5.4.2 Payments shall be made by:
☐ Check payable to [________________________________]
☐ ACH/Wire transfer to:
Bank: [________________________________]
Account: [________________________________]
Routing: [________________________________]
☐ Credit card (subject to [____]% convenience fee)
5.4.3 Client may withhold payment only for Fees that are the subject of a good faith dispute, provided Client notifies Provider in writing of the dispute within [____] days of invoice receipt.
5.5 Late Payments
5.5.1 Late payments shall bear interest at the rate of [____]% per month (or the maximum rate permitted by Virginia law, including Va. Code 6.2-301 et seq., whichever is less) from the due date until paid.

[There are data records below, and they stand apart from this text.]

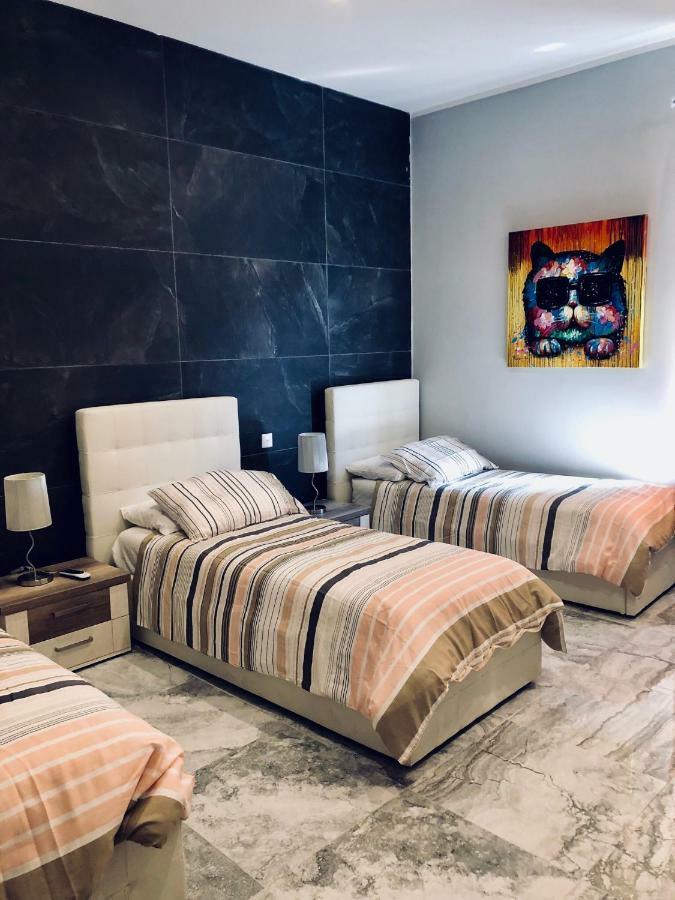 Holiday Townhouse In Sliema Centre Экстерьер фото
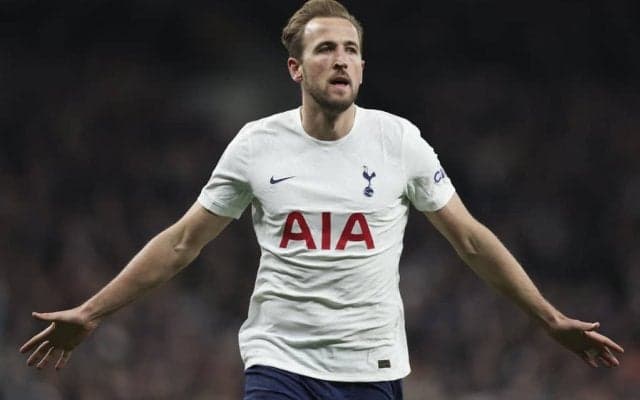 ハリー・ケインが｢圧巻のスーパーゴール｣!!「難易度S級」のボールを｢ダイレクトボレー｣で沈める!トッテナム・エースのエバートン｢粉砕の一撃｣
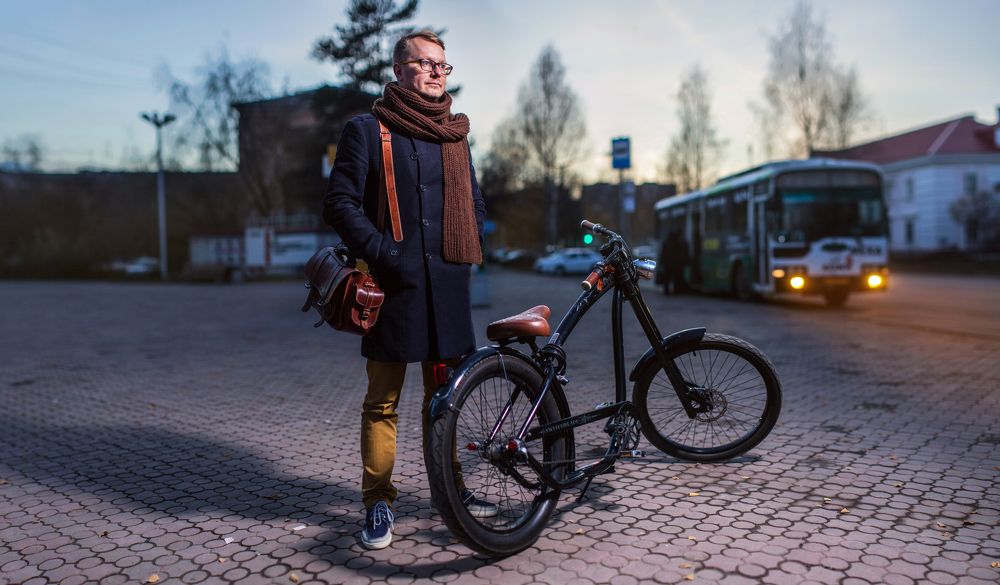 Улица, остановка, велосипед, а ну и человек.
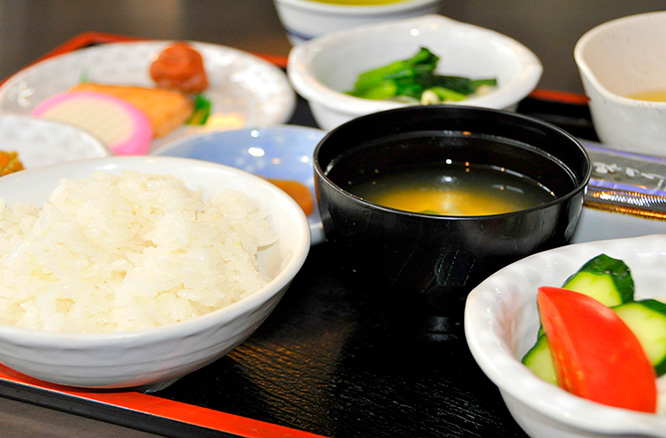 栄養バランスを考えた献立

5.5.2 Client shall reimburse Provider for reasonable costs of collection, including attorneys' fees.
5.5.3 If any undisputed amount remains unpaid for more than [____] days past due, Provider may:
☐ Suspend performance of Services upon ten (10) days' written notice
☐ Terminate this Agreement or the applicable SOW for cause
5.6 Taxes
5.6.1 Fees are exclusive of all taxes, duties, and similar governmental charges.
5.6.2 Client shall pay all sales, use, value-added, and similar taxes applicable to the Services, including Virginia retail sales and use tax where applicable, except for taxes based on Provider's net income.
5.6.3 If Client is tax-exempt, Client shall provide Provider with a valid Virginia exemption certificate.
5.6.4 Each Party shall be responsible for its own income taxes.
ARTICLE 6: TERM AND TERMINATION
6.1 Term
6.1.1 This Agreement shall commence on the Effective Date and shall continue for an initial term of [________________________________] (the "Initial Term").
6.1.2 Upon expiration of the Initial Term, this Agreement shall automatically renew for successive [☐ one (1) year / ☐ two (2) year] periods (each, a "Renewal Term") unless either Party provides written notice of non-renewal at least [____] days prior to the end of the then-current term.
6.1.3 The Initial Term and any Renewal Terms are collectively referred to as the "Term."
6.2 Termination for Convenience
6.2.1 Either Party may terminate this Agreement or any SOW for convenience upon [____] days' prior written notice to the other Party.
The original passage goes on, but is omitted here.